DATA SUPPLIED

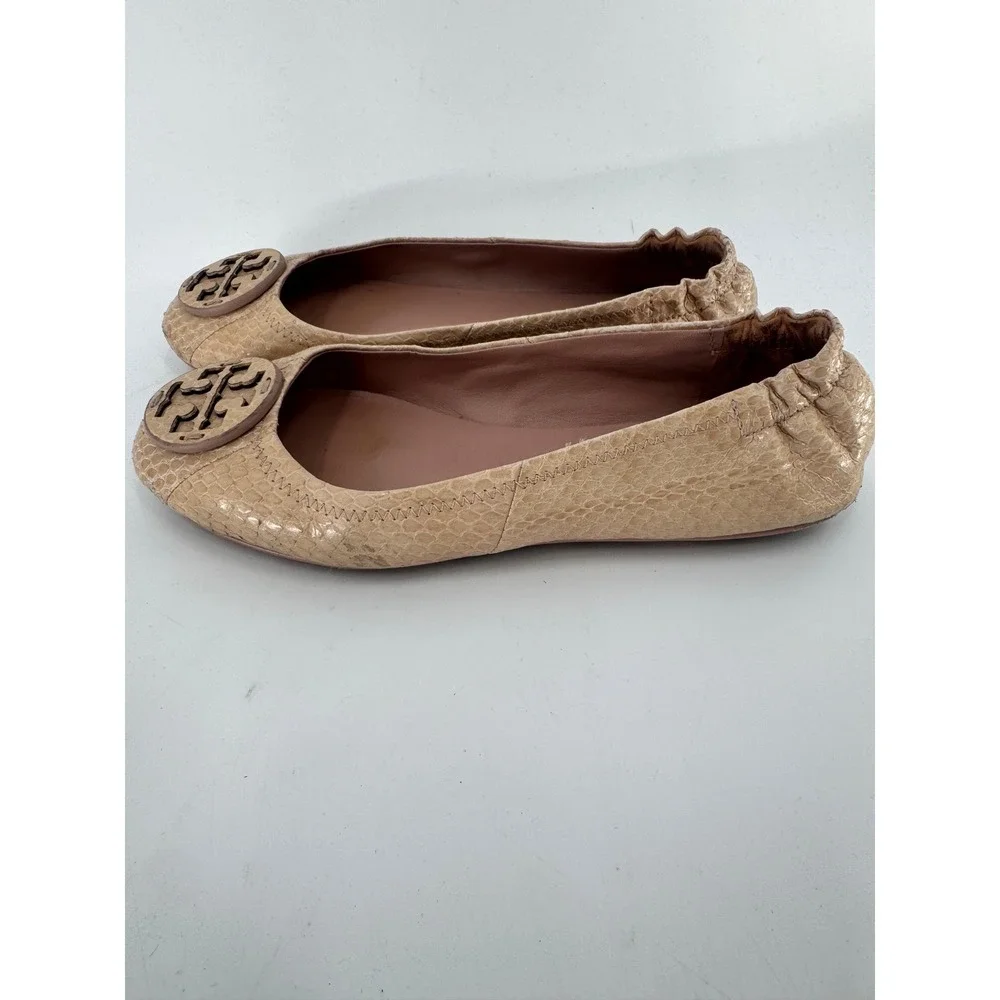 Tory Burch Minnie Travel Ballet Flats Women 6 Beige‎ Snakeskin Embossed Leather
...
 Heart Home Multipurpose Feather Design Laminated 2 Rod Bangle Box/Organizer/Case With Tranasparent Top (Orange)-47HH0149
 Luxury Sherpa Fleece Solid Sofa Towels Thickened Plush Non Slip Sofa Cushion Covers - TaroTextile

YOUR INSTRUCTIONS
Copy exactly the stretch of data above from the line with "Heart Home Multipurpose" through the line with "Luxury Sherpa Fleece", and omit all other lines.

RESULT BELOW
 Heart Home Multipurpose Feather Design Laminated 2 Rod Bangle Box/Organizer/Case With Tranasparent Top (Orange)-47HH0149
 Luxury Sherpa Fleece Solid Sofa Towels Thickened Plush Non Slip Sofa Cushion Covers - TaroTextile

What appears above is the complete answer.